Problem to solve »
What you produce should be the lines from the line containing "DanielOhCool online show" through the last line below, both ends included, reproduced exactly and without pictures.

==== Records for processing

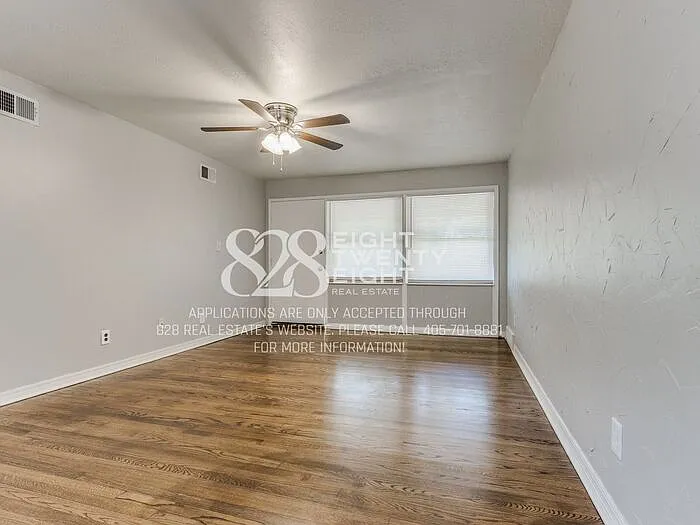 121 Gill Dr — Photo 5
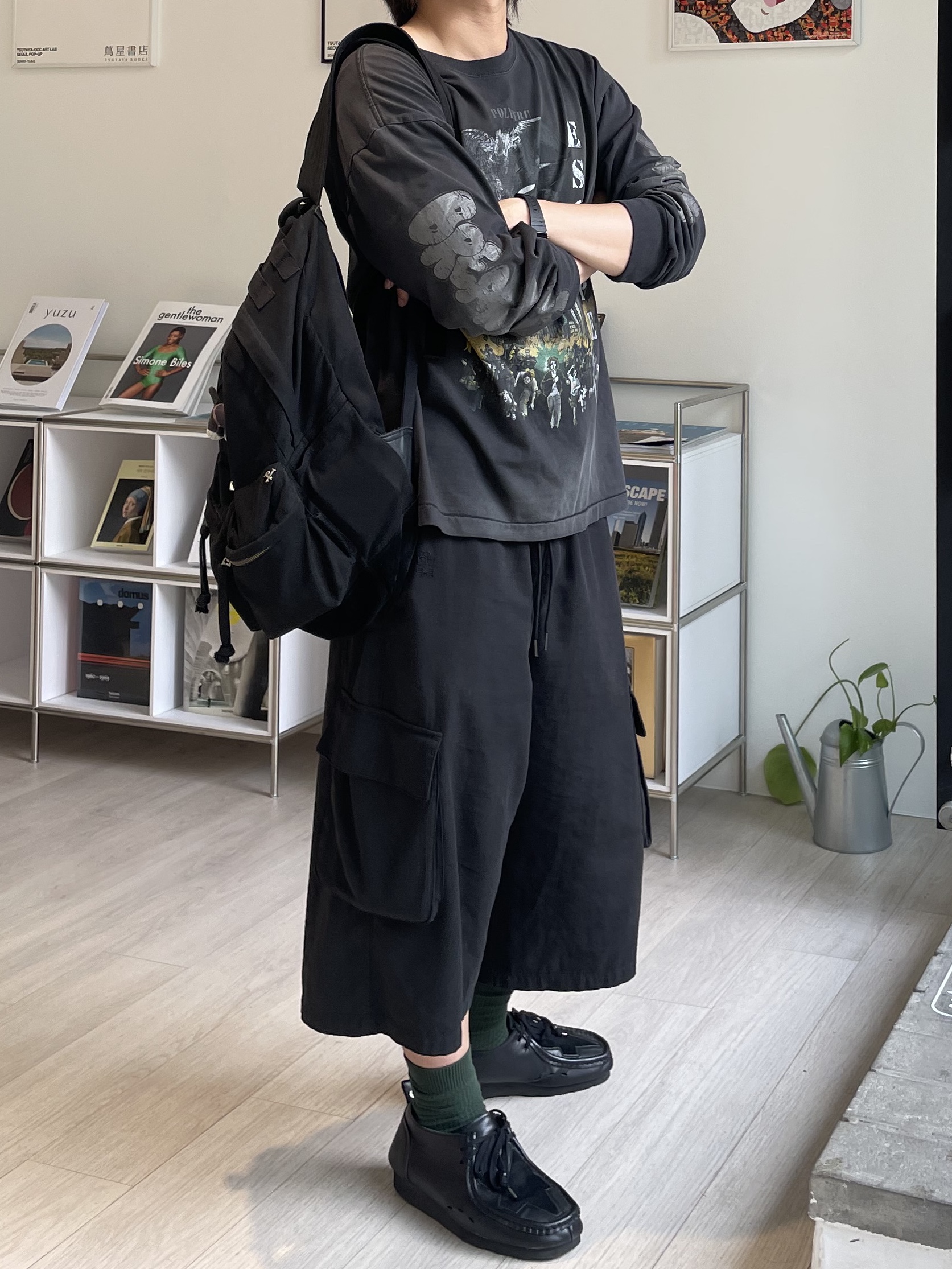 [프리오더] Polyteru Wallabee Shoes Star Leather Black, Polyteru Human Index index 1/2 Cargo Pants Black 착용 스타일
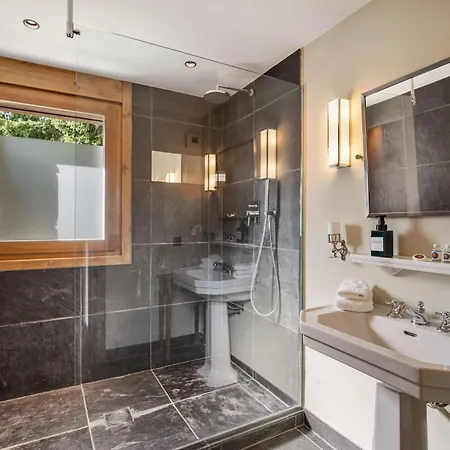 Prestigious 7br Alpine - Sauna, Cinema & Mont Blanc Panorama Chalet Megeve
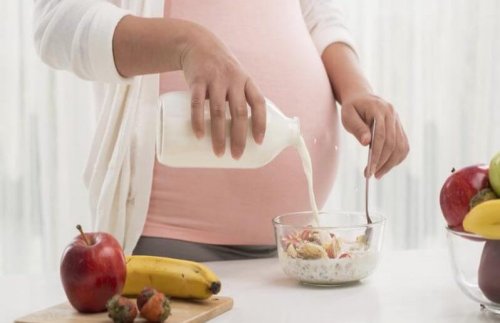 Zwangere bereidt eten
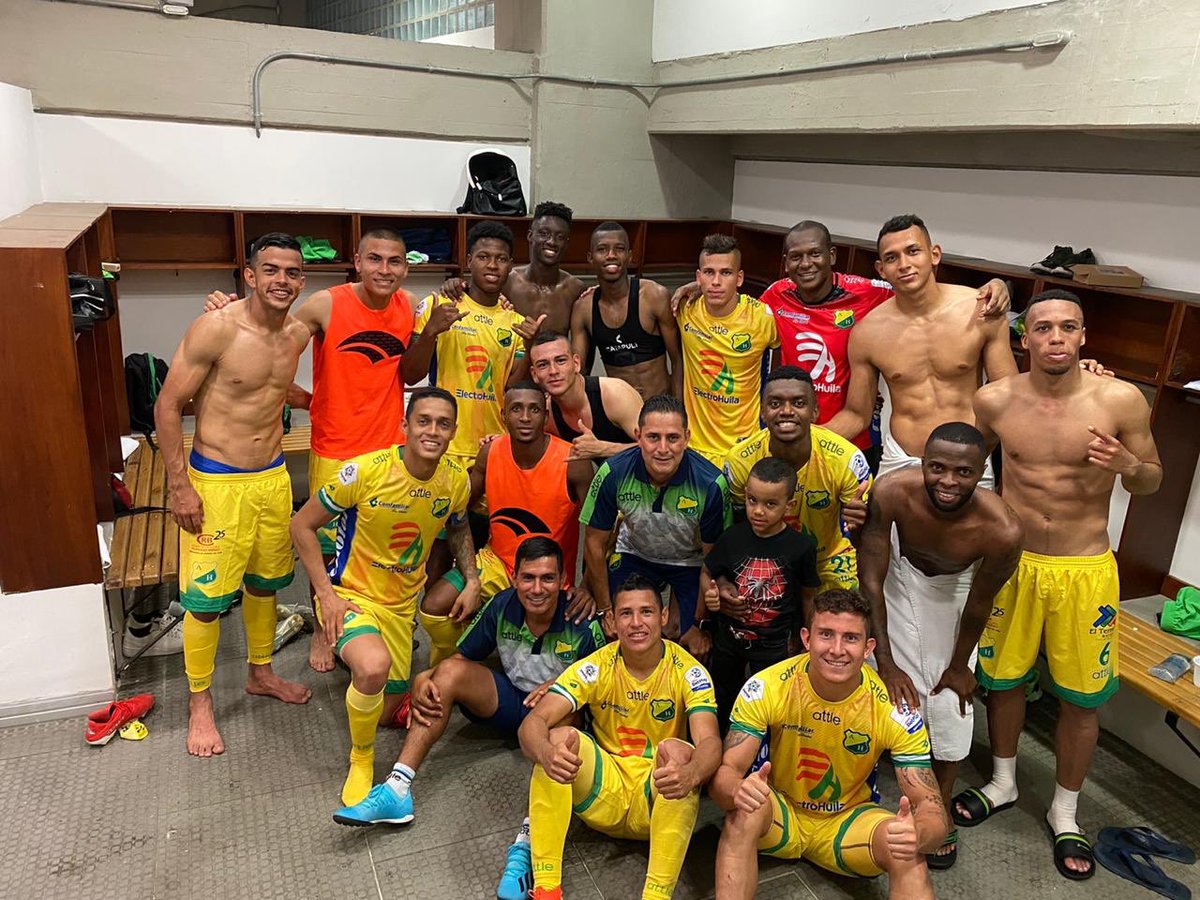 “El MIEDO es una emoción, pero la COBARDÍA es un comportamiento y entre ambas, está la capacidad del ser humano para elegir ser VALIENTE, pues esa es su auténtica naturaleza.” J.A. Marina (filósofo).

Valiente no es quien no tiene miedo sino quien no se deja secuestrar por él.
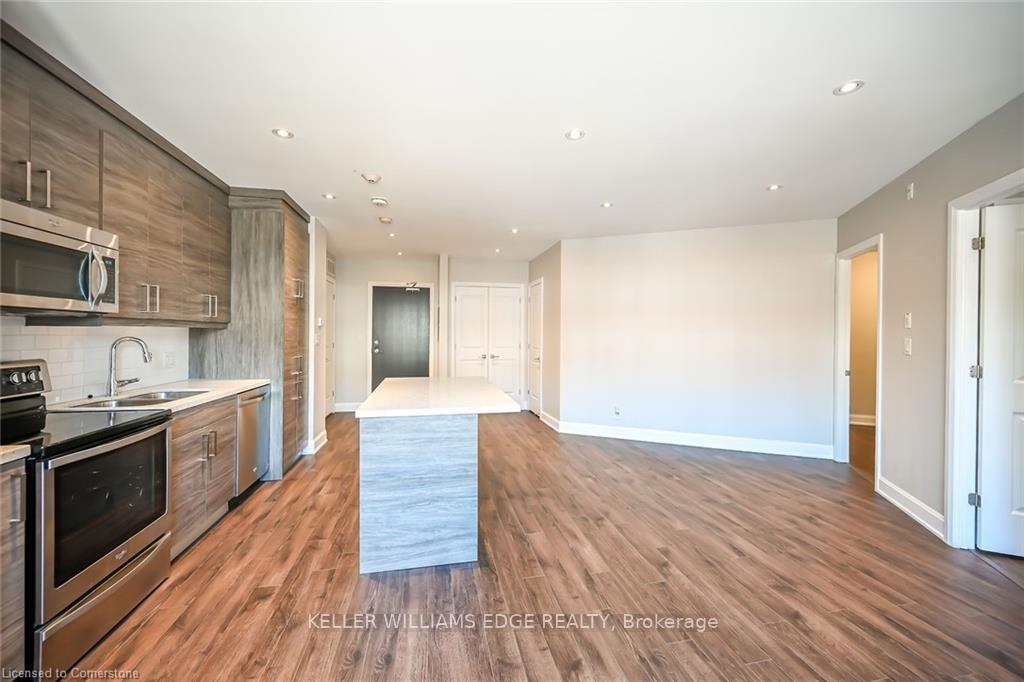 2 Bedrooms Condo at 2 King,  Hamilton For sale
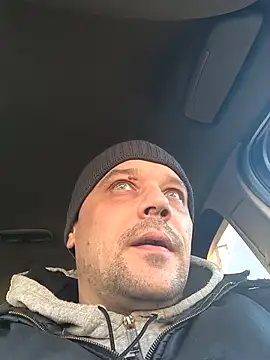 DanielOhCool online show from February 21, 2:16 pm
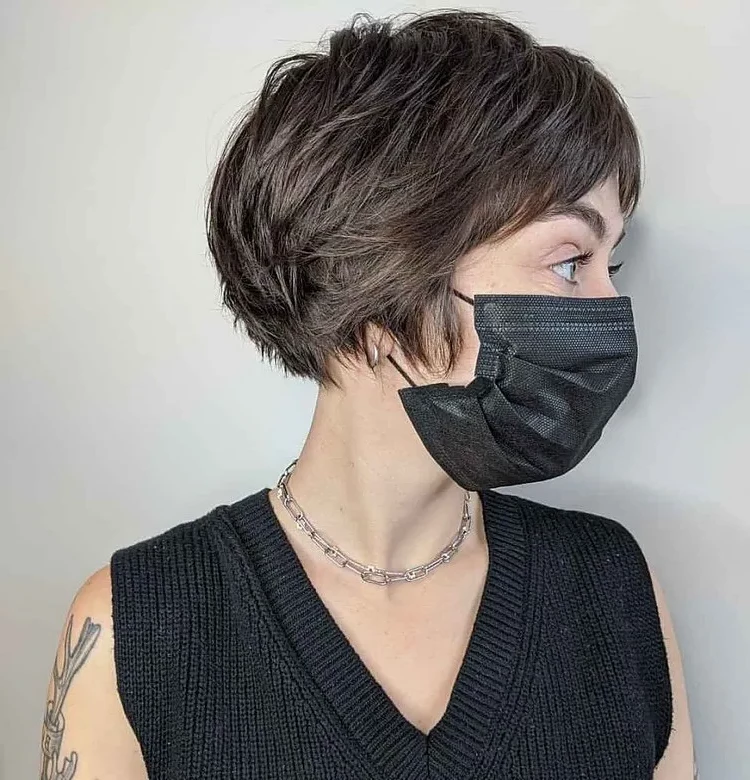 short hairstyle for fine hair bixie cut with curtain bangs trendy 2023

========

Response to the task »
 DanielOhCool online show from February 21, 2:16 pm
 short hairstyle for fine hair bixie cut with curtain bangs trendy 2023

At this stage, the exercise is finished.